An attempt to set Guinness record in CPR training
According to the Sudden Cardiac Arrest Foundation, four out of 10 SCA victims survive if bystanders intervene and provide CPR while waiting for emergency services to arrive.
Published: 15th October 2019 06:43 AM | Last Updated: 15th October 2019 06:43 AM | A+A A-
KOCHI: The knowledge of primary medical emergency procedures like cardiopulmonary resuscitation (CPR) can save many lives. However, other than those in the medical profession, people don’t have training or idea about how to go about these procedures. Studies have shown that coronary artery disease (CAD) mortality rate per 100,000 is 382 for men and 128 for women in Kerala.

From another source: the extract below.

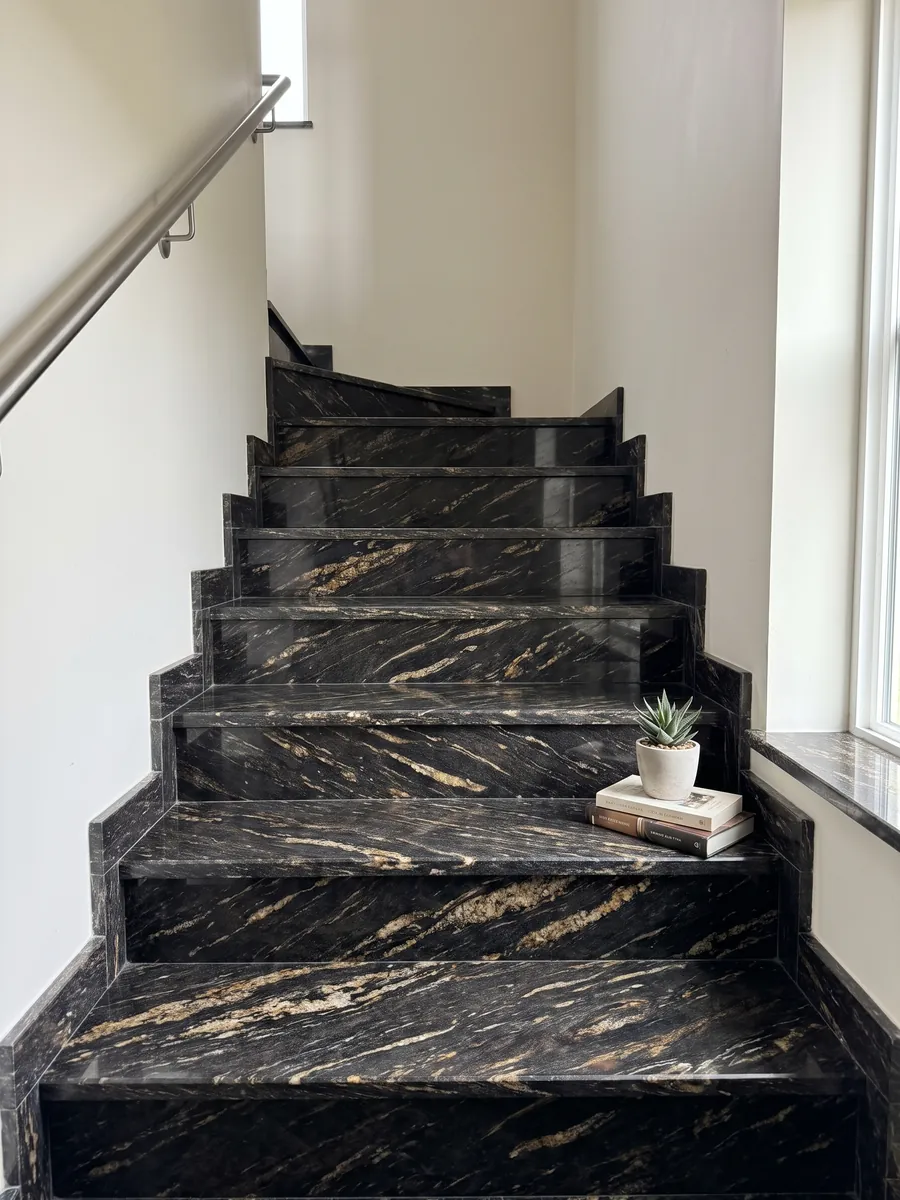 Escalera interior con peldaños de granito negro Matrix con pasamanos: negro con trazos dorados alargados en diagonal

But, many deaths due to heart attacks or sudden cardiac arrest (SCA) can be prevented if those nearby perform CPR. Hence, to sensitize and train people in CPR, the Indian Medical Association, Cochin chapter, has joined hands with Angels International Foundation along with the district administration to train around 35,000 students.
The event will be held on November 16 at CIAL Convention Centre at Nedumbassery.
IMA and Angels International Foundation are also trying to set a new Guinness Book of World Record for the maximum number of students to be trained in ‘Hands-only CPR’ at a single location in a day. “In April 2016, Savita University in Chennai had organised a CPR training programme for around 28,015 people. They are the only ones to have set a record in this category. The training lasted eight hours and eight minutes,” said IMA officials.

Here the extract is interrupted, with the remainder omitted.